長所・短所とジレンマ
出典: フリー百科事典『ウィキペディア(Wikipedia)』 (2022/06/17 08:28 UTC 版)
予知のジレンマ 地震が起こった 地震が起こらなかった 警報を出した 被害が軽減される 誤報による損失、混乱が生じる 警報を出さなかった 大きな被害が出る ― しきい値(赤の破線)を下げると被害は減るが、誤報のリスクが高まる。 地震予知が可能となった場合のメリットや生じるであろう問題を論じる試みは、地震予知に楽観的な見通しがあった1970年代以降に行われた。 日本では、大規模地震対策特別措置法が制定された1978年(昭和53年)前後に、警報に伴う混乱の問題が議論されたほか、静岡県は被害想定の中で予知された場合と予知されなかった場合の経済損失や人的被害を明記している。 アメリカ合衆国では、1975年にアメリカ科学アカデミーが発行した報告書『Earthquake Prediction and Public Policy』の中で、メリットとデメリット、公平性の問題、法的問題や経済的問題などが詳しく検討されている。

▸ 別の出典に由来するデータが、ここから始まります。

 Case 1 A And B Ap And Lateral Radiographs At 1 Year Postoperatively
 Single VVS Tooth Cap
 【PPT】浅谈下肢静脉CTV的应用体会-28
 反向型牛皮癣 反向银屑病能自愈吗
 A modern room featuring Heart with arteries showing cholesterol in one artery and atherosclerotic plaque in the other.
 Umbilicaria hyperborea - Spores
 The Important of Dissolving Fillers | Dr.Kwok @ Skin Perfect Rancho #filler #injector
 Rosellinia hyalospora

この報告書では、ある仮定に基づいて行われた推定ではあるが、予知情報が発表されることで、経済活動が低下したり、地価が下落したり、住宅に対する損害保険の機能が低下して加入制限等に至ったり、地震が予想される地域で疎開や人口減少が起きたりする、といった様々な影響が生じる可能性が指摘されている。こうした影響のうちのいくつかは、不正確な地震予知情報が発表された1970年代後半-1980年代前半のギリシャ、メキシコ、ペルーで実際に発生している(#社会の混乱参照)。 例えば、静岡県の東海地震第3次被害想定では、予知できた場合、直接的・間接的な被害を合わせて予知できなかった場合の1割にあたる約2兆8,000億円が軽減されるほか、死者は約75%減少すると想定されている。一方、東海地震の警戒宣言が発表された場合の経済的損失は、1994年日本総合研究所の報告によれば1日当たり約7,100億円と見積もられている。このように、予知にはメリットもデメリットもある。 ここで重要となるのが、予知の不確実性の問題である。大地震が起こる確率が、例えば2日間以内に80%という予測があるとすれば、それは警報を発するメリットが大きいと考えられるが、2日間以内に5%という予測だった場合は、デメリットが大きいので警報を発しないという判断に至るかもしれない。 確率論を単純に考えれば、2日間以内に5%という予測は、2日間で大地震が発生する確率は20分の1であるのに対して、地震が発生しない確率は20分の19と圧倒的に高い。警報を発するか発しないかのしきい値を下げることで、警報を出しやすくすれば地震による損失は軽減できるが、誤報だった場合の損失は逆に増加することになり、逆も然りである。 また他方では、予知可能という前提が認識として広がったことで、静岡県では東海地震予知の際の避難路・避難場所や放送設備の整備などに重点が置かれて、構造物の耐震化が進まず、一時期は周辺都県に比べて遅れる事態となった。1995年以降、静岡県は方針を転換し、地震対策を強化している。